At just 11 years old, Mina Hecht Winik had endured more than most could imagine. After Vienna fell to Nazi control and having lost her dad to Hitler’s regime, she was among the many children who escaped on the Kindertransport trains in March 1939, seeking a new life free from fear in Britain.

Alone and frightened, Mina navigated through Nazi-occupied territories before finding refuge in Liverpool. She spent several months residing in a Harwich hostel before a pivotal encounter at Liverpool Street Station with her future adoptive parents – a childless Jewish couple from Liverpool.

A family photo of the Winik's taken in their home in Ryegate Road, Garston, in the mid 1960s
A family photo of the Winik’s taken in their home in Ryegate Road, Garston, in the mid 1960s -Credit:Howard Winik

Integrating into the city’s community under their care, Mina remained unaware of her family’s fate back in Vienna for many years. As she grew older, Mina tied the knot and, together with her husband Arnold, who she met at a local dance, had two children, Howard Winik and Cynthia Blake.
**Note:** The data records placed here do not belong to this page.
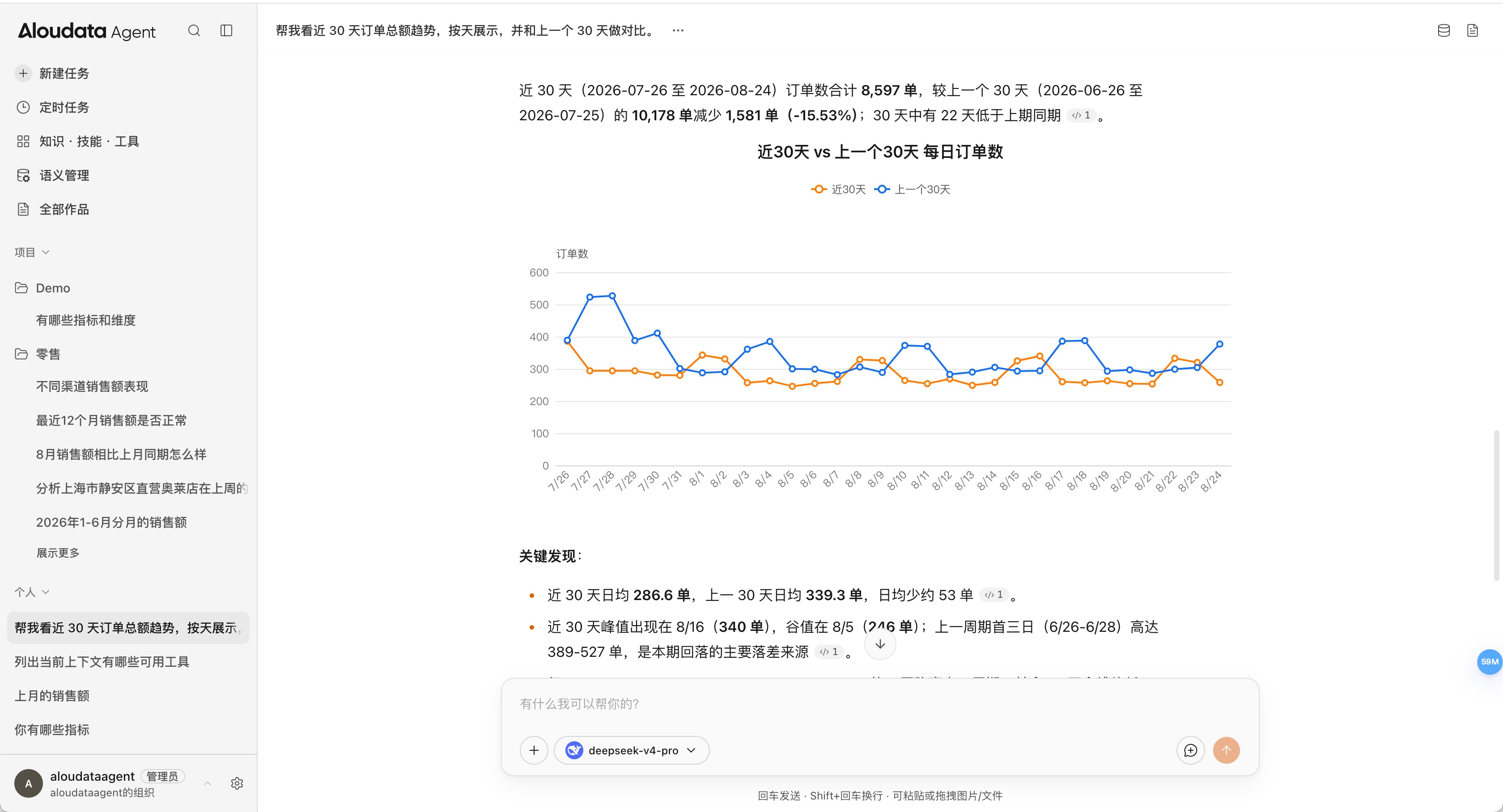 提问结果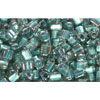 cc270 - perles Toho triangle 2.2mm rainbow crystal/prairie green lined (10g)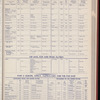 The Official foreign air mail guide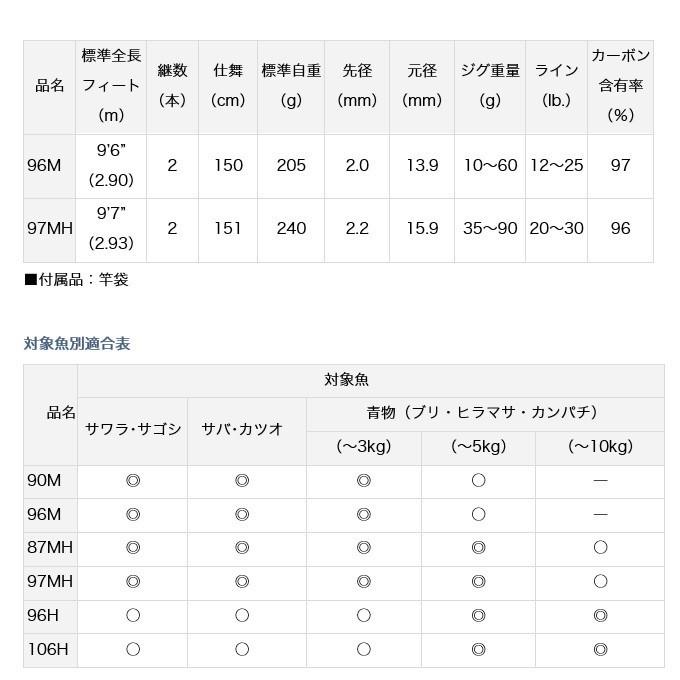 DAIWA（ダイワ） ジグキャスター 96M (ショアジギングロッド) /(5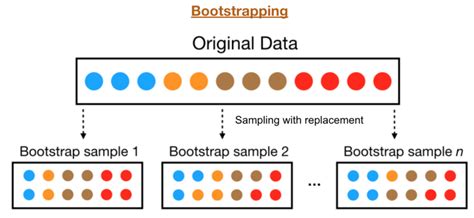 What Is Bootstrapping And Why Is It A Useful Technique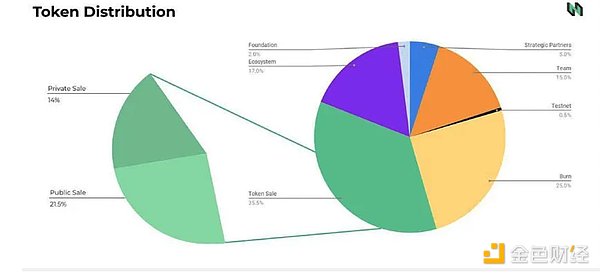 Celestia：区块链世界的乐高积木为何引爆市场？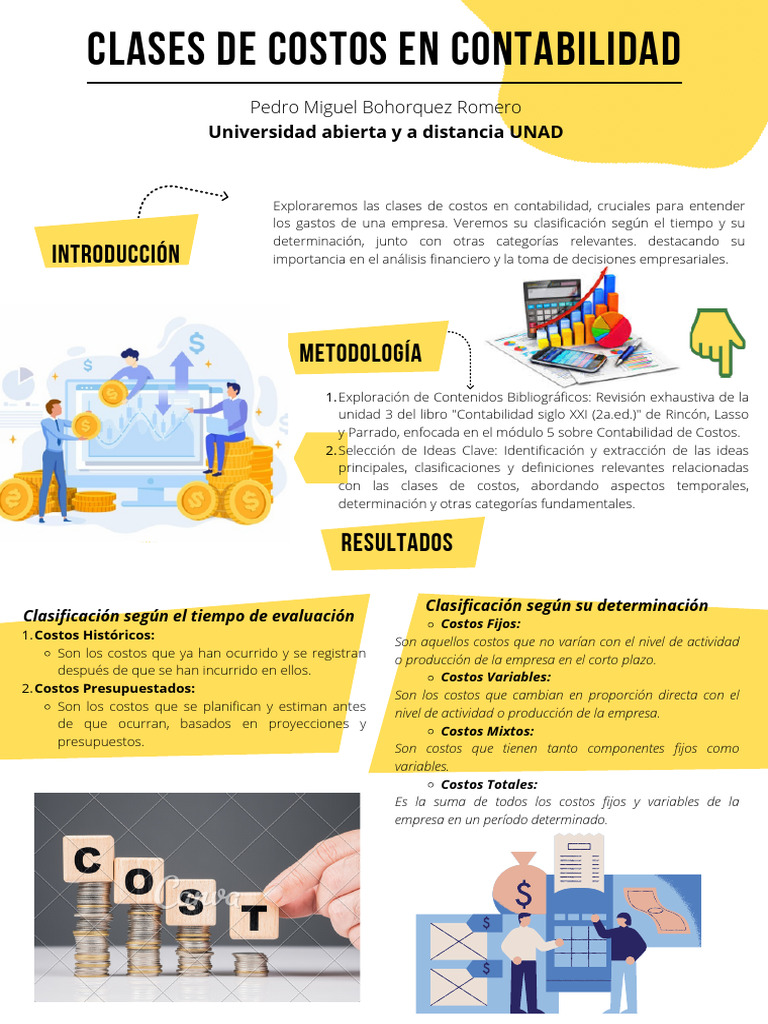 Clases y Tipos de Costos en Contabilidad | PDF | Presupuesto | Business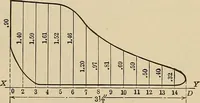 An illustration from Handbook for machine designers, shop men and draftsmen (1916)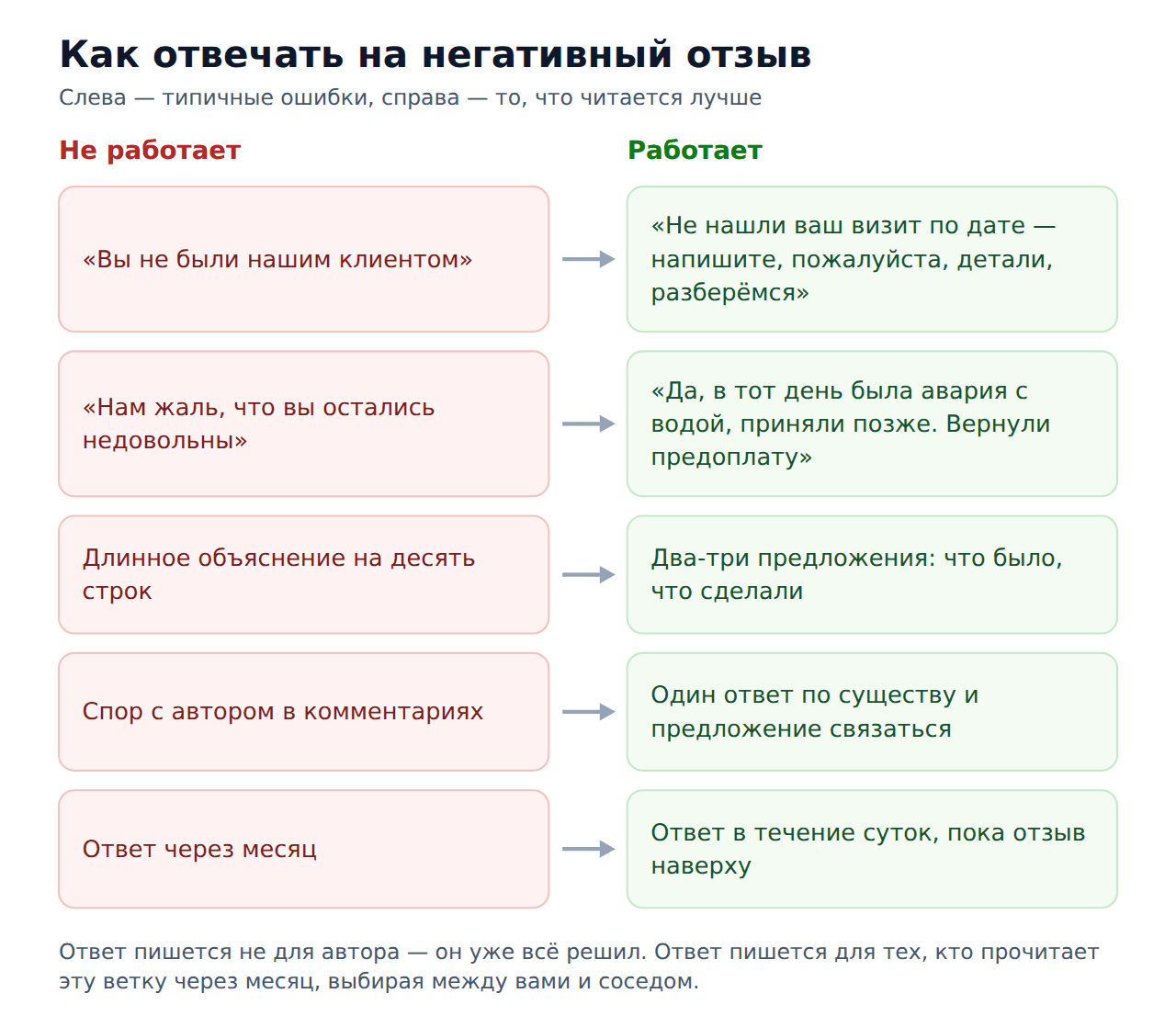 Как удалить негативный отзыв на 2ГИС — как отвечать на негатив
The traumatic experiences of her youth were left unspoken; however, her son Howard stumbled upon a startling revelation one summer while temping at the Greenbank Synagogue office.

Unearthing a letter sent to his mother’s maiden name, he said: “I found out everything by accident. I was working at the Greenbank Synagogue office one summer in a temporary position. I was looking through some files and found a letter addressed to my mum’s birth name.

Mina Winick, aged 27 in Liverpool
Mina Winick, aged 27 in Liverpool -Credit:Cynthia Blake and Howard Winik

“At the time, I didn’t raise it with my mum; I was only a teenager, but I always wondered about it. It wasn’t discussed for a long time. I had a lot of questions, but I rationalised because I was afraid of what I might hear. I was curious for a long time because there were never any photos of my mum as a child.

“When we asked our adoptive grandmum, the question was always brushed off. We knew there was something strange, but we could never have guessed that she had come over from Austria because she didn’t have a strong accent.”

After Mina died, Howard and Cynthia embarked on an emotional journey to Vienna, where they discovered their granddad’s ashes were buried in the Jewish section of a cemetery. Mina’s mum, Taube, and three brothers, Abraham, Robert and Jacob, were interned in the camps during WW2.